La guerre en Iran creuse les divergences stratégiques entre Washington et l’Europe

31 mars 2026

Rédaction : Tendai Zola

Les répercussions de la guerre opposant les États-Unis et Israël à l’Iran dépassent désormais le cadre du Golfe pour affecter l’équilibre stratégique mondial, en particulier les relations entre Washington et ses partenaires européens.

Alors que les États-Unis et leurs alliés cherchent à contenir le programme nucléaire iranien, limiter les capacités balistiques de Téhéran et affaiblir les Gardiens de la révolution, l’Iran poursuit des actions visant ses voisins et les routes maritimes internationales, contribuant à une escalade du conflit.

Les pays européens figurent parmi les principaux affectés par la hausse des prix de l’énergie, aggravée par la fermeture du détroit d’Ormuz, contrairement aux États-Unis qui disposent de réserves importantes.

Face à l’appel de Washington à une mobilisation de ses alliés pour sécuriser les approvisionnements énergétiques, les réactions européennes se sont révélées contrastées.

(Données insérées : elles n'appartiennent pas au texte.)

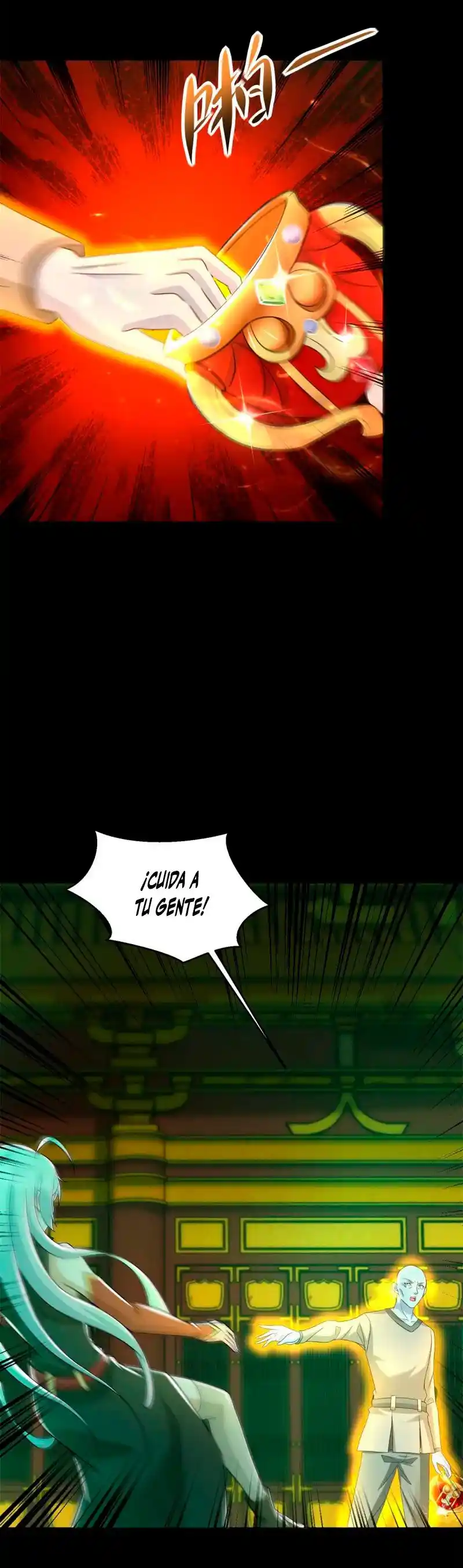 King Of Apocalypse - Capítulo 614 - Página 23 - LectorTMOo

Certains pays, comme le Royaume-Uni, la France, l’Allemagne, l’Italie et les Pays-Bas, ont exprimé leur disponibilité à participer à la sécurisation maritime dans le détroit d’Ormuz, tout en évitant une implication directe de l’OTAN. D’autres, à l’image de l’Espagne, ont manifesté des réserves, estimant que le conflit ne répond pas à leurs intérêts et qu’il comporte des risques élevés d’escalade prolongée.

L’expérience de la guerre en Ukraine a également influencé les positions européennes. Plusieurs États ont tiré les leçons des conséquences économiques des sanctions contre la Russie, notamment sur les marchés énergétiques, et se montrent désormais plus prudents face à un engagement militaire direct.

Dans ce contexte, les pays européens privilégient globalement des solutions diplomatiques et évitent une implication militaire directe, craignant les impacts économiques et sécuritaires d’un conflit prolongé. Cette position a été critiquée par le président américain Donald Trump, qui y voit un manque de solidarité et a évoqué des répercussions possibles sur l’avenir de l’OTAN et de la sécurité européenne.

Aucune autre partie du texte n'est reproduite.